Question

If the median of a triangle meet at $\left( 0,-3 \right)$ and the two vertices are at $\left( -1,4 \right)$ and $\left( 5,2 \right)$ then the third vertex is at _____. \[\]

Answer 1

Hint: We first find the coordinates of the midpoint M of side joining the given vertices $B\left( -1,4 \right),C\left( 5,2 \right)$ using the section formula for internal division with ratio 1:1. We then assume the coordinate of the third vertex as $A\left( x,y \right)$ . We know that centroid where the medians meet O$\left( 0,-3 \right)$ divides AM with ratio 2:1. We use the section formula again and find the unknowns $x,y$. \[\]

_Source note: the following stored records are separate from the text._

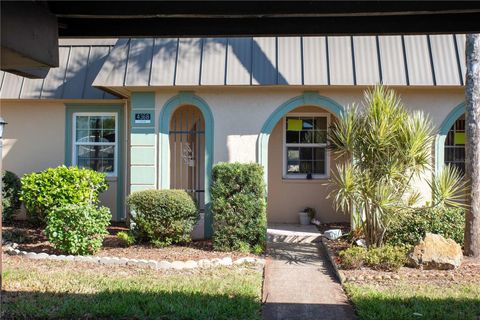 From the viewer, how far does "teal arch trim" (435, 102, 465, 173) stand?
10.1m

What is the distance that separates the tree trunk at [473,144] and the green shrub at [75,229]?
6245 millimetres

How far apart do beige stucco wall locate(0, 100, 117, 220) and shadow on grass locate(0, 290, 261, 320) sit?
6367 millimetres

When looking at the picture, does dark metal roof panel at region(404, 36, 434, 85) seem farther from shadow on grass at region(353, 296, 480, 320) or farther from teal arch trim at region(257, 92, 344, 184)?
shadow on grass at region(353, 296, 480, 320)

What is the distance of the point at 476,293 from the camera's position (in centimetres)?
672

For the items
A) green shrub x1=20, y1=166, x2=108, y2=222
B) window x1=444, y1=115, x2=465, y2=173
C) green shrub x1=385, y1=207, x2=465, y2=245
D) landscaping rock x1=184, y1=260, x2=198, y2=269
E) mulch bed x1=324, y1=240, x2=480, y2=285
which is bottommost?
mulch bed x1=324, y1=240, x2=480, y2=285

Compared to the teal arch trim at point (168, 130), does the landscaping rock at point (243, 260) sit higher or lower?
lower

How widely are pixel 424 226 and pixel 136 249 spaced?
509cm

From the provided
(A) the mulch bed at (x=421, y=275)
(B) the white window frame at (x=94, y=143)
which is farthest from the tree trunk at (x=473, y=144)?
(B) the white window frame at (x=94, y=143)

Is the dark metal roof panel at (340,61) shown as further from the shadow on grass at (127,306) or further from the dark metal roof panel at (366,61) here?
the shadow on grass at (127,306)

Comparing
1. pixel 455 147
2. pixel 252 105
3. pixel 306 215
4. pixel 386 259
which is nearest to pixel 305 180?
pixel 306 215

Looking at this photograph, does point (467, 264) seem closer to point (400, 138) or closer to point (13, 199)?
point (400, 138)

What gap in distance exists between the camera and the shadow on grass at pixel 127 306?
559 centimetres

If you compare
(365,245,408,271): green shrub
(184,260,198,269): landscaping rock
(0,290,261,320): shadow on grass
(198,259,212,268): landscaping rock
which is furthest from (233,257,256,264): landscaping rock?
(0,290,261,320): shadow on grass

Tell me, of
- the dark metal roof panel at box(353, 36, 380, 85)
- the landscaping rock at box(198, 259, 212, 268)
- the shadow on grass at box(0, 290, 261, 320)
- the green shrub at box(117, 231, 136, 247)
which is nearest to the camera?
the shadow on grass at box(0, 290, 261, 320) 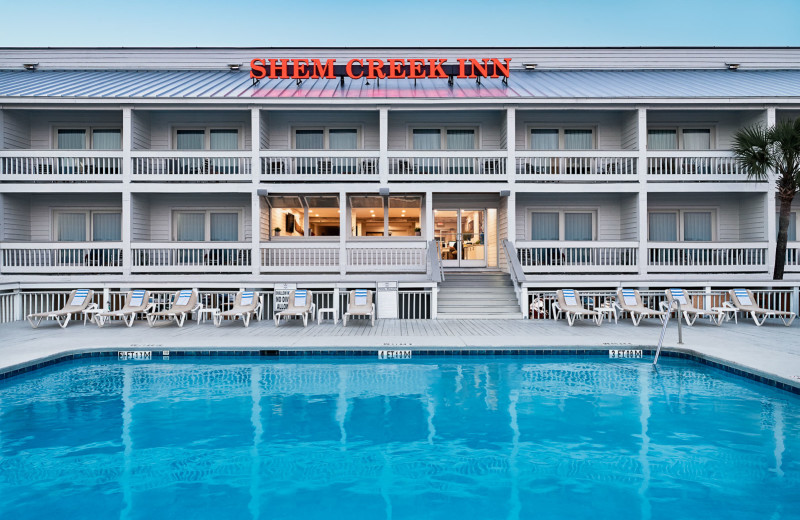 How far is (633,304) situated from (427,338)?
654 cm

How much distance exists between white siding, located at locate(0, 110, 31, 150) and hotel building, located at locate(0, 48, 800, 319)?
86 mm

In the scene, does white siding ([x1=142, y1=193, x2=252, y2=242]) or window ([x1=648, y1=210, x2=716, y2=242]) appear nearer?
white siding ([x1=142, y1=193, x2=252, y2=242])

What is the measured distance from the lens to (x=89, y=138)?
18000 millimetres

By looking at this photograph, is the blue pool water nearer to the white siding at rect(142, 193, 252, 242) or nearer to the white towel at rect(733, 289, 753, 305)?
the white towel at rect(733, 289, 753, 305)

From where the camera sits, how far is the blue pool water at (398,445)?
169 inches

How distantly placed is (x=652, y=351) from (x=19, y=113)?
21.4 metres

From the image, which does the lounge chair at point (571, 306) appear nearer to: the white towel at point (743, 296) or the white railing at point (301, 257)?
the white towel at point (743, 296)

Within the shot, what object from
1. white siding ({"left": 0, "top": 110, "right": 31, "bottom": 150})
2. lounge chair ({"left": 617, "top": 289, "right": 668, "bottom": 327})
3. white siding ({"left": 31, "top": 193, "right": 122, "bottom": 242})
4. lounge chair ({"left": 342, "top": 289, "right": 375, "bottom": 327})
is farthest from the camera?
white siding ({"left": 31, "top": 193, "right": 122, "bottom": 242})

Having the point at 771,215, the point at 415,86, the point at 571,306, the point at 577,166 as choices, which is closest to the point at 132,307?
the point at 571,306

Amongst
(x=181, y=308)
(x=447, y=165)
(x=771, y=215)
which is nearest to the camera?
(x=181, y=308)

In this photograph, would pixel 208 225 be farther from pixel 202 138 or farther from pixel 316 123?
pixel 316 123

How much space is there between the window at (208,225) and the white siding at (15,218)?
201 inches

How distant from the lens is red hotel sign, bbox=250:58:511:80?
18.2 metres

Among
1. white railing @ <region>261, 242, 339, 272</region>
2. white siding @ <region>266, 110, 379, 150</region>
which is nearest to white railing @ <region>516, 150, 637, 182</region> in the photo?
white siding @ <region>266, 110, 379, 150</region> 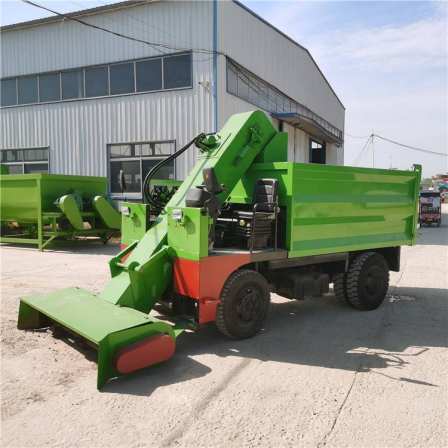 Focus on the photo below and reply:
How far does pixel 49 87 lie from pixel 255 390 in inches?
588

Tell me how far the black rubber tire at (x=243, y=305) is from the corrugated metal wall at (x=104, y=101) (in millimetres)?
8821

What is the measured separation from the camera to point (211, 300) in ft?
13.9

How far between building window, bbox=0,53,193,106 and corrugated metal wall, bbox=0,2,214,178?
22cm

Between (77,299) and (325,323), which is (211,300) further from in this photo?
(325,323)

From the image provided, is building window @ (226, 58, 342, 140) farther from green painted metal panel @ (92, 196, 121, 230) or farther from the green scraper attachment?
the green scraper attachment

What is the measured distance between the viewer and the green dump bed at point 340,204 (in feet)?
15.8

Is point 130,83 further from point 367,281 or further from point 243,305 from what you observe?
point 243,305

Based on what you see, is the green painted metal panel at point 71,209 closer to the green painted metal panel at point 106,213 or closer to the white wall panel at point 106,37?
the green painted metal panel at point 106,213

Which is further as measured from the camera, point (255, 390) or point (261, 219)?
point (261, 219)

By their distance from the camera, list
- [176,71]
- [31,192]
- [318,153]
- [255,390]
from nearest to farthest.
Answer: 1. [255,390]
2. [31,192]
3. [176,71]
4. [318,153]

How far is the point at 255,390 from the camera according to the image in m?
3.48

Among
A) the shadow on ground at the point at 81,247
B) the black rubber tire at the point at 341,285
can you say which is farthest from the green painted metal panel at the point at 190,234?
the shadow on ground at the point at 81,247

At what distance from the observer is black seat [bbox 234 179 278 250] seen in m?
4.58

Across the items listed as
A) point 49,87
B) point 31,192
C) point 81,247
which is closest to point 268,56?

Complete step by step answer:
A median is the line joining the vertex of a triangle to the midpoint of the opposite side . The centroid of a triangle is the point of intersection of the medians.
Section Formula: Any point $P(x,y)$ which divides a line segment internally $\overline{AB}$ in a ratio$AP:PB=m:n$ with endpoints $A({{x}_{1}},{{y}_{2}})\text{ and B(}{{\text{x}}_{2}}\text{,}{{\text{y}}_{2}}\text{)}$ then the coordinates of P are
\[x=\dfrac{m{{x}_{2}}+n{{x}_{1}}}{m+n},y=\dfrac{m{{y}_{2}}+n{{y}_{1}}}{m+n}\]
 

We denote the given vertices as $B\left( -1,4 \right),C\left( 5,2 \right)$. We denote the midpoint of BC as M. We join AM and now AM is median. We know that midpoint divides any line segment in a ratio 1:1. So M divides BC with ratio 1:1. We have the coordinates of M using section formula as
\[M=\left( \dfrac{1\left( -1 \right)+1\cdot 5}{2},\dfrac{1\cdot 4+1\times 2}{2} \right)=\left( \dfrac{4}{2},\dfrac{6}{2} \right)=\left( 2,3 \right)\]
We denote the centroid as O whose coordinates are given in the question as$\left( 0,-3 \right)$. We also know that the centroid divides the median in a ratio 2:1 where the distance from the vertex to the centroid is twice the distance from the midpoint on the opposite side to the said vertex. We assume the coordinate of A as$\left( x,y \right)$. We have O dividing A$\left( x,y \right)=\left( {{x}_{1}},{{y}_{1}} \right)$ and M $\left( 2,3 \right)=\left( {{x}_{2}},{{y}_{2}} \right)$ with ratio $AO:OM=m:n=2:1$. We use section formula and have,
\[\begin{align}
  & 0=\dfrac{2\times 2+1\times x}{3},-3=\dfrac{2\times 3+1\times y}{3} \\
 & \Rightarrow 0=4+x,-9=6+y \\
 & \Rightarrow x=-4,y=-15 \\
\end{align}\]

So the coordinates of the third vertex A is $A\left( -4,-15 \right)$\[\]

Note: We need to be careful of the confusion of internal division for external division which is given by$x=\dfrac{m{{x}_{2}}-n{{x}_{1}}}{m-n},y=\dfrac{m{{y}_{2}}-n{{y}_{1}}}{m-n}$. We can alternatively solve directly using the coordinates of centroid $\left( \dfrac{{{x}_{1}}+{{x}_{2}}+{{x}_{3}}}{3},\dfrac{{{y}_{1}}+{{y}_{2}}+{{y}_{3}}}{3} \right)$ where $\left( {{x}_{1}},{{y}_{1}} \right),\left( {{x}_{2}},{{y}_{2}} \right),\left( {{x}_{3}},{{y}_{3}} \right)$ are coordinates of the vertices of the triangle.